New York's debate over Mayor Zohran Mamdani's economic agenda treats capitalism and a strong safety net as rivals, but Sweden — the model his allies cite — has no wealth tax, no inheritance tax and a 20.6% corporate rate.
"Stockholm scrapped its wealth tax two decades ago precisely because it was driving capital and entrepreneurs abroad," Adam Lipson, a New York-based reader, wrote in a Wall Street Journal opinion piece published Thursday.
The disconnect comes as the latest IRS migration data shows the 10 counties with the largest net losses of taxpayers are all in California and New York. Los Angeles County alone lost 17,496 tax filers who took nearly $1.9 billion in adjusted gross income with them. Queens County, the Bronx, Orange County, California, and Suffolk County, New York, each lost close to $1 billion in income, according to the IRS data compiled from federal tax returns.
New York already relies on a narrow base where a small share of high earners generates an outsized share of city revenue. Policies that push those earners elsewhere don't merely cost the city revenue — they shrink the base that funds the programs Mamdani wants to expand.
The migration pattern extends well beyond New York. California's remaining counties in the top 10 — San Diego, Riverside and San Bernardino — each posted significant net taxpayer losses. The destinations gaining those filers tell a clear story: Maricopa County, Arizona; Harris County, Texas; King County, Washington; and Clark County, Nevada led the nation in net gains of interstate tax filers.
"It's very, very clear that people ultimately vote with their feet and when they feel like they're getting taxed too much, they go somewhere else where they will be taxed less," E.J. Antoni, chief economist at the Heritage Foundation, said. "If you look at where these people are going, they're not going to Massachusetts or Illinois or California. They're going to Texas. They're going to Tennessee. They're going to Florida — places with low or no income taxes and low overall levels of taxation."
The trend carries long-term fiscal consequences for states that continue losing affluent taxpayers. Paul Teller, a conservative strategist who served in the Trump-Pence White House, said the migration patterns should serve as a warning for policymakers. "What baffles me, especially as a former New Yorker, is that there doesn't seem to be a lot of concern in the states that are losing people," Teller said.

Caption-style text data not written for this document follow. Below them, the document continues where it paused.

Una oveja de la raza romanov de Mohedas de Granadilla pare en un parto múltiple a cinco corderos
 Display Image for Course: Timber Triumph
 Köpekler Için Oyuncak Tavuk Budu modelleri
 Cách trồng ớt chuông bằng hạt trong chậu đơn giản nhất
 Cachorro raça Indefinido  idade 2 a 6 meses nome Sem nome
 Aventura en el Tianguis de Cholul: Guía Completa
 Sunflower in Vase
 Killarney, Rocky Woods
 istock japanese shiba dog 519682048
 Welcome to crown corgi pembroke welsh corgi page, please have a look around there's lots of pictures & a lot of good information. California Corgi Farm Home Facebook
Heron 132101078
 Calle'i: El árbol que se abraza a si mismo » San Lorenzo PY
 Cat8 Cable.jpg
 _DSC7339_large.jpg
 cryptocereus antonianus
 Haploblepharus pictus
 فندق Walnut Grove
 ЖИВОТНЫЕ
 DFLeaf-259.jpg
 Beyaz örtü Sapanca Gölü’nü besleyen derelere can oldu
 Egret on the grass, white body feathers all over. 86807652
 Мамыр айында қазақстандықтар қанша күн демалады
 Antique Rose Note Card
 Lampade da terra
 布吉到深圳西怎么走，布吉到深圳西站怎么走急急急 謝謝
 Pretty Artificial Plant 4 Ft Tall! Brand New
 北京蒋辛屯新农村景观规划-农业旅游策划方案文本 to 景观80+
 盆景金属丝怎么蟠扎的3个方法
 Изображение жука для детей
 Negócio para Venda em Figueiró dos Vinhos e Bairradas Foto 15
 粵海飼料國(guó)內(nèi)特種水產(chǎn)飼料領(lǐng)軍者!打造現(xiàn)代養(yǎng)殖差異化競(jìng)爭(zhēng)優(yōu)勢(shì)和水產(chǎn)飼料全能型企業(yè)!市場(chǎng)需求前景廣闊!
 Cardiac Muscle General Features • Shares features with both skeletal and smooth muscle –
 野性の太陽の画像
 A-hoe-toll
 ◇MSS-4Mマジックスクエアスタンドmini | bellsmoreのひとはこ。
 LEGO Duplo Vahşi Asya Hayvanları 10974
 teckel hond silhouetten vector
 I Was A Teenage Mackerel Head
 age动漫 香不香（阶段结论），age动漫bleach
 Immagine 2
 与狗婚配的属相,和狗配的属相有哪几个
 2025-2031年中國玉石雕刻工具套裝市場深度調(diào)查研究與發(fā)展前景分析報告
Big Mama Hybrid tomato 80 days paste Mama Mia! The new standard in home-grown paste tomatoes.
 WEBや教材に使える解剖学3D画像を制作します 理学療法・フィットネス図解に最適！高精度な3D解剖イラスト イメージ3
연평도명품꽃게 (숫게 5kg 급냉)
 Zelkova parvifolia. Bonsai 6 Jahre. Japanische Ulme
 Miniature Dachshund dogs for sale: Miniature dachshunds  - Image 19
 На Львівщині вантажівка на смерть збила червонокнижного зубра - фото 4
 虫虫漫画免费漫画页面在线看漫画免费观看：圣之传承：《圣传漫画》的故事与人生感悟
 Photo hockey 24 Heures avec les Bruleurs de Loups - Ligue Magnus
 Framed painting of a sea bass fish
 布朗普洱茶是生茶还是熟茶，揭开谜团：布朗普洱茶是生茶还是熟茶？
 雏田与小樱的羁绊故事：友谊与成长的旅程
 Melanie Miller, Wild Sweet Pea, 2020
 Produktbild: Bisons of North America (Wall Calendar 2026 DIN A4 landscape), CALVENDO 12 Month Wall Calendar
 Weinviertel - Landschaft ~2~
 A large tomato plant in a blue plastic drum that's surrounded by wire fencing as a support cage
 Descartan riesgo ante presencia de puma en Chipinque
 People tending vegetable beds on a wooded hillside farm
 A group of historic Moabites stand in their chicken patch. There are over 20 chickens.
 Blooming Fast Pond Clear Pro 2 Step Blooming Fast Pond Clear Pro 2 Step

Manhattan attracted the nation's most new tax filers between 2022 and 2023, yet still saw a sharp decline in reported income as wealthy residents left, the IRS data show. The dynamic mirrors what Sweden experienced before it eliminated its wealth tax in 2007 — capital outflows that eroded the tax base rather than expanded it.
Mamdani, who took office in January, has advanced an agenda that includes higher taxes on top earners, rent freezes for stabilized apartments, free city buses and city-owned grocery stores. He recently opted out of New York City's campaign matching funds program, which would have imposed an $8 million spending limit on his reelection bid, citing the need to compete against well-funded opposition. The mayor raised about $304,000 from nearly 6,000 donors for his 2029 reelection campaign, according to a filing with the city's Campaign Finance Board.
California, which maintains one of the nation's highest top marginal income tax rates, has remained at the center of similar debates. Gabriela von zur Muehlen, chief policy officer at the Texas Association of Businesses, said high-tax states like California and New York are pushing wealth, jobs and investment toward Texas.
"Compassion and growth aren't opposing values," Lipson wrote. "But a city that forgets which one pays for the other will eventually have neither."